Dopo conferenze e accordi ch'ebbero luogo, senza che il governo della repubblica romana fosse chiamato a prendervi parte, fu, qualche tempo addietro, deciso dalle potenze cattoliche europee: 1.º Che una modificazione politica era necessaria nel governo e nelle instituzioni dello Stato romano; 2.º che questa modificazione avrebbe a base il ritorno di Pio IX, non solo come papa—a questo non porremmo ostacolo alcuno—ma come principe e sovrano temporale; 3.º che se per raggiungere intento siffatto, un intervento concertato fosse giudicato indispensabile, l'intervento avrebbe luogo.

Ci è caro ammettere che, mentre solo e unico fine d'alcuni tra i contraenti era un sogno di ripristinamento generale, un ritorno assoluto ai trattati del 1815, il governo francese non fosse trascinato a quei patti se non in conseguenza d'informazioni erronee che gli dipingevano lo Stato romano in preda all'anarchia e signoreggiato col terrore da una minoranza audace.

Sappiamo inoltre che, nella modificazione proposta, il governo francese intendeva farsi rappresentante di una più o meno liberale influenza opposta al programma dispotico dell'Austria e di Napoli.
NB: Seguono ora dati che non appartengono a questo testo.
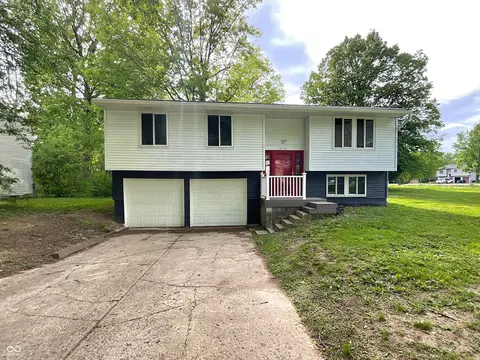 2928 Sheffield Dr, Indianapolis, IN 46229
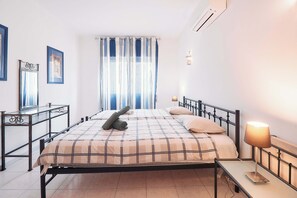 2 Schlafzimmer, Zimmersafe, Bügeleisen/Bügelbrett, WLAN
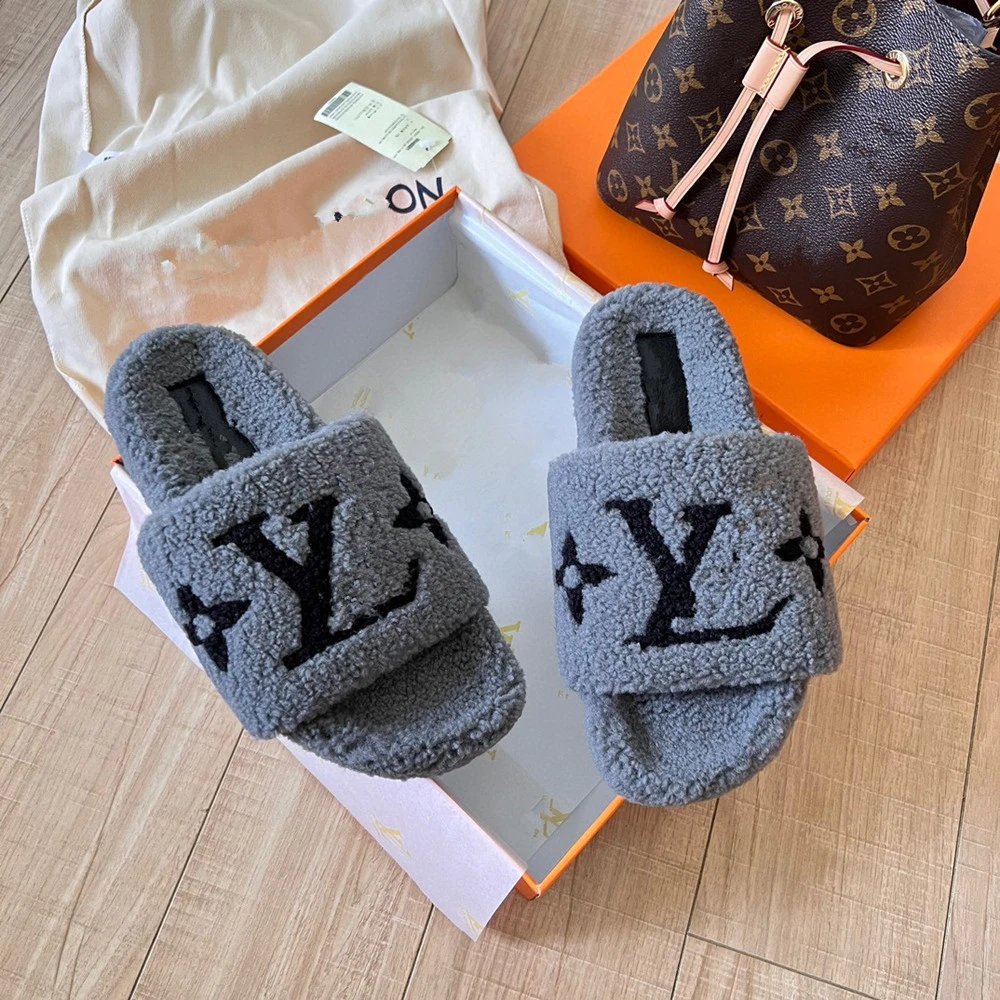 Balenciaga Slippers Fuzzy Logo Slide — 39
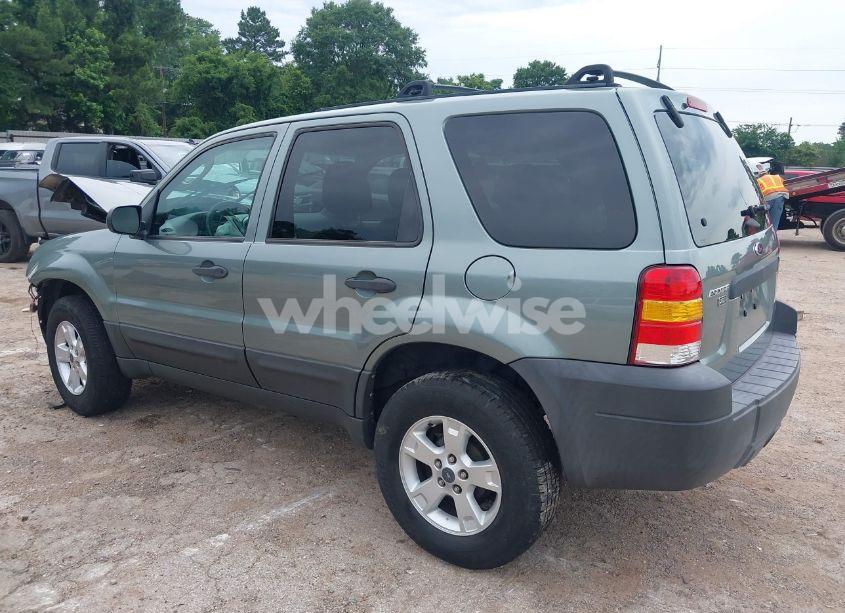 Photo 3 of 2006 Ford Escape (VIN 1FMYU03146KD35945)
Pur nondimeno, sotto forma tirannica o costituzionale, senza o con pegni d'una libertà qualunque alle popolazioni romane, il pensiero predominante su tutti i negoziati ai quali alludiamo, fu sempre un ritorno verso il passato, una transazione tra il popolo romano e Pio IX, considerato come sovrano temporale. Sotto l'inspirazione di quel pensiero fu, sarebbe inutile dissimularlo, ideata, eseguita l'invasione francese. Fu suo doppio intento cacciare, da un lato, la spada della Francia sulla bilancia dei negoziati che dovevano iniziarsi in Roma e assicurare, dall'altro, la popolazione romana contro ogni eccesso retrogrado, ma ponendo pur sempre a condizione fondamentale la ricostituzione d'una monarchia costituzionale in favore del papa. Intento siffatto è provato per noi, non solamente da ragguagli esatti che abbiamo sui negoziati anteriori, ma dai bandi del generale Oudinot, dalle formali dichiarazioni d'inviati che vennero l'un dopo l'altro al Triumvirato, dal silenzio ostinatamente serbato quando tentammo più volte trattare la questione politica e cercammo ottenere una dichiarazione formale del fatto accertato nella nostra nota del 16, che cioè le instituzioni colle quali oggi si regge il popolo romano sono libera e spontanea espressione del voto inviolabile delle popolazioni legalmente interrogate. E il voto stesso dell'Assemblea francese convalida implicitamente il fatto che noi affermiamo. Di fronte a condizione siffatta, di fronte alla minaccia d'una transazione inaccettabile e di negoziati che non hanno ragione alcuna nello stato delle nostre popolazioni, la parte che ci spettava non era dubbia. Resistere; era per noi un dovere verso il nostro paese, verso la Francia, verso l'Europa.

Noi dovevamo, per adempiere a un mandato lealmente dato e lealmente accettato, mantenere, per quanto era in noi, l'inviolabilità del nostro paese, del suo territorio e delle sue instituzioni unanimemente acclamate da tutti i poteri, da tutti gli elementi dello Stato.